1630 painting by Francisco de Zurbarán

Saint Francis of Assisi in His Tomb is an oil-on-canvas painting by the Spanish Baroque artist Francisco de Zurbarán, created between 1630 and 1634. The work is part of the permanent collection of the Milwaukee Art Museum and is regarded as one of the most important examples of seventeenth-century Spanish art in an American collection.

==Description and origins==

The painting depicts Saint Francis of Assisi standing in a dark space while contemplating a human skull. Zurbarán employs dramatic chiaroscuro, illuminating the saint’s coarse Franciscan habit, face, skull, and protruding foot against a nearly black background. The austere composition reflects the artist’s characteristic focus on spiritual contemplation and religious devotion, qualities that made his works especially valued in Counter-Reformation Spain.
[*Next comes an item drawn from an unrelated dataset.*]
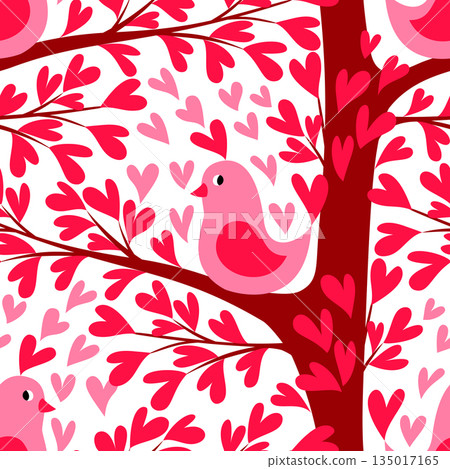 Vector seamless pattern with funny birds in a love forest 135017165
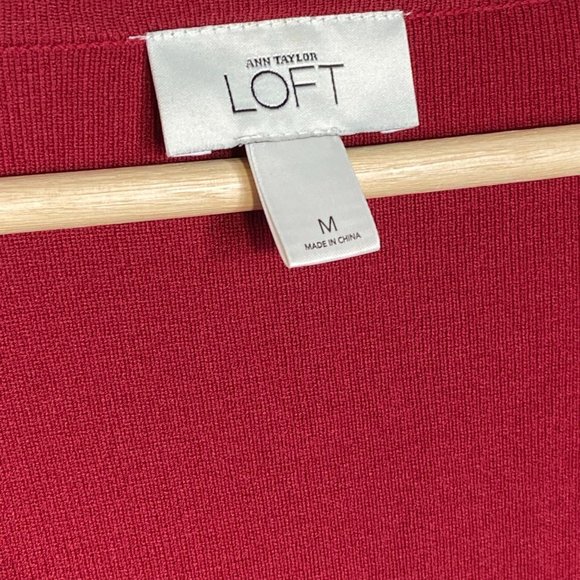 Ann Taylor LOFT Red Cardigan with Black Trim - Picture 3 of 5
The work is directly related to the legend of Pope Nicholas V's vision of Saint Francis. According to a tradition popular in the 17th century, as Pope Nicholas V visited Assisi in 1449 and the saint's tomb was opened, he saw the body of Francis miraculously preserved and standing upright in communion with God.

The painting was commissioned for Gaspar de Guzmán, Count-Duke of Olivares, the powerful minister and favorite of King Philip IV of Spain. Like many of Zurbarán’s religious works, it combines intense naturalism with a sense of mystical stillness, drawing inspiration from the painted wooden sculptures commonly found in Spanish churches.

Saint Francis was a particularly significant figure for monastic communities throughout the Iberian Peninsula. Zurbarán produced numerous images of the saint throughout his career, some of which are now in the Museum of Fine Arts of Lyon (Saint Francis), the Alte Pinakothek in Munich (Saint Francis in Ecstasy), the National Gallery in London (Saint Francis in Meditation), the Timken Museum of Art in San Diego, California (Saint Francis in Meditation), the Saint Louis Art Museum in St. Louis, Missouri (St. Francis Contemplating a Skull), and the Museu Nacional d'Art de Catalunya in Barcelona (Saint Francis of Assisi according to Pope Nicholas V's Vision).

==Posterity==

Since entering the Milwaukee Art Museum's collection, Saint Francis of Assisi in His Tomb has become one of the institution's best-known European paintings. The work was acquired by the museum in 1958 from French-Mexican count and film producer Felipe Subervielle, known for working on productions directed by Emilio Fernández and starring actress Dolores del Río.

In 2024, British artist Idris Khan took inspiration from the painting for his first solo exhibition in the United States, organized by the museum.